The above list is not meant to be comprehensive, just to guide you what articles, books, videos, and such that might turn up if you search for some of these things. It's a long road.

Regarding Halt and Catch Fire, I think there are things about it that ring true, but it's not so accurate. People get things done way too fast, act too much like we do today, and the office culture feels off to me. They really don't capture some of the more innovative cultures at various big companies of the time. Not even the more crazy ones like Atari's old office, though there are clear nods to companies if you pay attention. It'd be a long post to dissect it, but the short answer is no, but it's not like I experienced all there was to experience. It feels to me more like they took a lot of real things at the time, composited them together for story purposes, put on some 80s clothes, and otherwise threw things out the window. I do enjoy the show anyway though for even daring to touch that material.
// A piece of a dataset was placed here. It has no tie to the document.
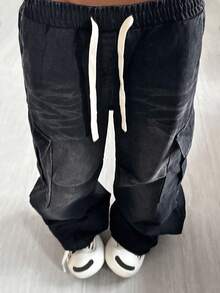 StreetHx Casual Washed Drawstring Waist Cargo Denim Pants - Black - View 4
Anyway, I hope that gets you started on a long, interesting path and I could add tons of more bullets to that list.


At risk of not adding much to your comment, this really rings true having been a teen when a lot of those names were big on the "scene". This definitely brought me down memory lane, and made me start thinking of finding some of my old local 2600 friends to see what they got up to over the years.

One thing I will add is that the energy and excitement was just so much more genuine and the passion was at a different level than today. I'm not saying there aren't extremely talented and energetic people these days - there are actually more simply due to the sheer size of the industry - but the density of them is far less. The self-selection filter was much stronger back then and while most folks were relatively well paid it wasn't mostly about chasing VC funds and hitting the next IPO. It was about "holy crap, I'm actually being paid to do things with computers!" - at least my tiny slice of the experience.

Things also were a lot more "simple" for lack of a better term. Today I'm not sure how I would have gotten my foot in the door and made myself minimally useful enough to start learning skills and gaining reputation (which then later led to a career) simply due to the sheer number of layers of abstraction on top of everything you have to punch through.

It was certainly a simpler and much wilder time though!


You reminded me, should add these to the lit section:

* 2600

* Cult of the Dead Cow

* Phrak


Well worth a listen to some old Off The Hook shows from 2600.com - they go back a long way in time and culture. Off The Wall too.